Le livre est composé de plusieurs nouvelles, chacune portant sur un personnage réel ou fictif — mais toujours largement inspiré des connaissances de Duras. Les seules qui soient terriblement bouleversantes sont les deux premières, du fait de la proximité qu'a entretenu l'écrivaine avec ces deux personnages : son mari dans un premier temps, dont l'absence ne se fait que plus douloureuse de par son omniprésence au coeur du récit, des pensées de sa femme, et le policier de la Gestapo, Rabier, personnage singulier et dont on arrive difficilement à cerner la personnalité, tant elle semble complexe et torturée. Le déteste-t-on réellement ? Je ne sais pas. Il a pourtant commis les plus horribles atrocités, sans sembler s'en repentir. Je ne sais pas.
La tension entre l’écrivaine et son bourreau est électrique. Le lecteur ne peut que se tourmenter par de multiples conjonctures sur la nature de leurs sentiments respectifs. L’admiration de lui envers elle. La répulsion entre retour. Mais que cache cette admiration ? Veut-il la tuer, ou bien la prendre ? Quand les masques tombent, qui a manipulé l’autre, qui a dominé l’autre ? Cette tension est d’autant plus intenable, à la lecture de ces phrases, parfois ces mots, crus, durs, impitoyables — tout comme l’est la narratrice.
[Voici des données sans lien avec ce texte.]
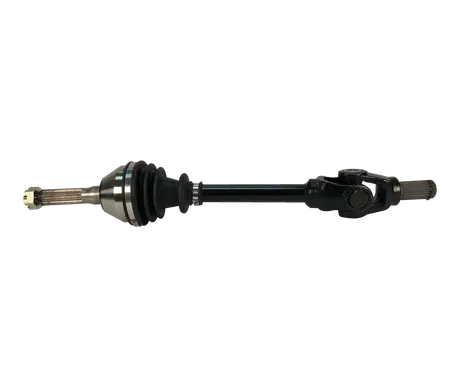 Vetoakseli, täydellinen, Polaris kuva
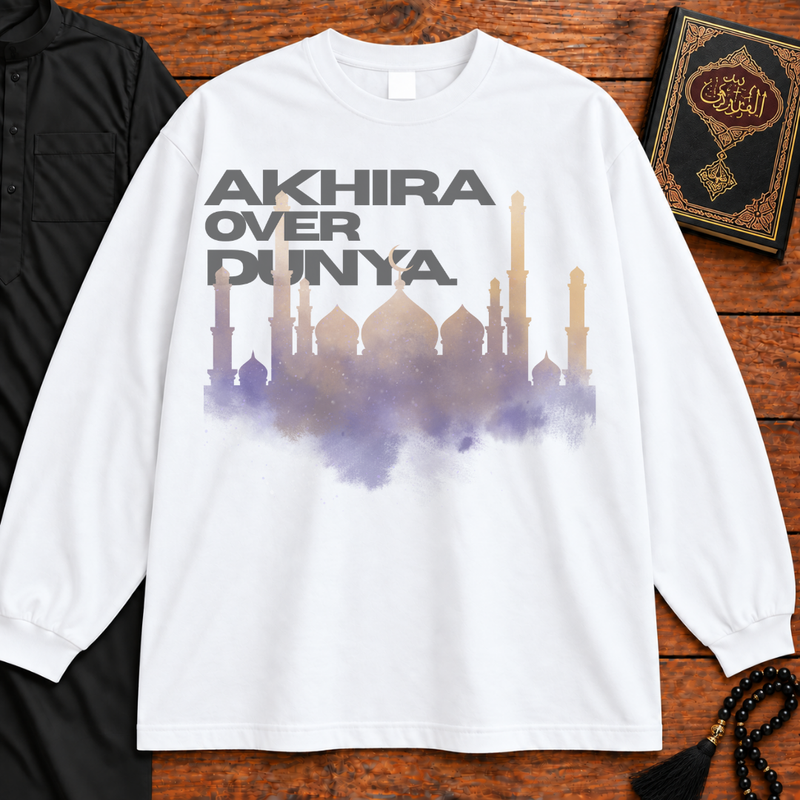 Akhirah First Long Sleeve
Enfin, la description des années d'Occupation, de la Libération, de la vie, simplement ferait frémir n'importe quel manuel d'histoire tant elle est criante de vérité. L'attente, toujours. Attendre les ordres. Attendre pour le pain. Attendre pour son amour. Attendre sa mort, certaine. Certaine, et bienvenue. Bienvenue, car « en mourant je ne le rejoins pas, je cesse de l'attendre. » Et cesser d’attendre, n’est-ce pas le seul souhait de tout être dépourvu d’espoir ? Car chez Duras, l’espoir semble ne pas exister. Un concept que l’on a oublié. Pourquoi ? À cause de La Douleur, toujours.
En cela, ces textes, dont Duras ne se souvient pas même de les avoir écrits, traitent des limites de l'humain. Les limites de ce que l'humain peut accomplir d’atroce, en la personne de Rabier, comme les limites de que l'humain peut supporter au travers de Robert L. et de Duras elle-même. La résignation revient sans cesse, mais étrangement, jamais elle ne gagne. On continue à vivre, à survivre plutôt. Les personnages supportent ce poids celui comme un fardeau, comme si l’on y était contraint. Dans le même temps, il s’accroche à cette existence, résistent à la mort, Encore. Toujours. Pourtant, la vie n'est pas célébrée. Elle est à la fois rejetée, embrassée, subite, haïe.
Comment célébrer la vie après 1945 ? Ce roman soulève le questionnement, mais n'y répond pas. C'est trop tôt, sans doute. La douleur est encore trop présente.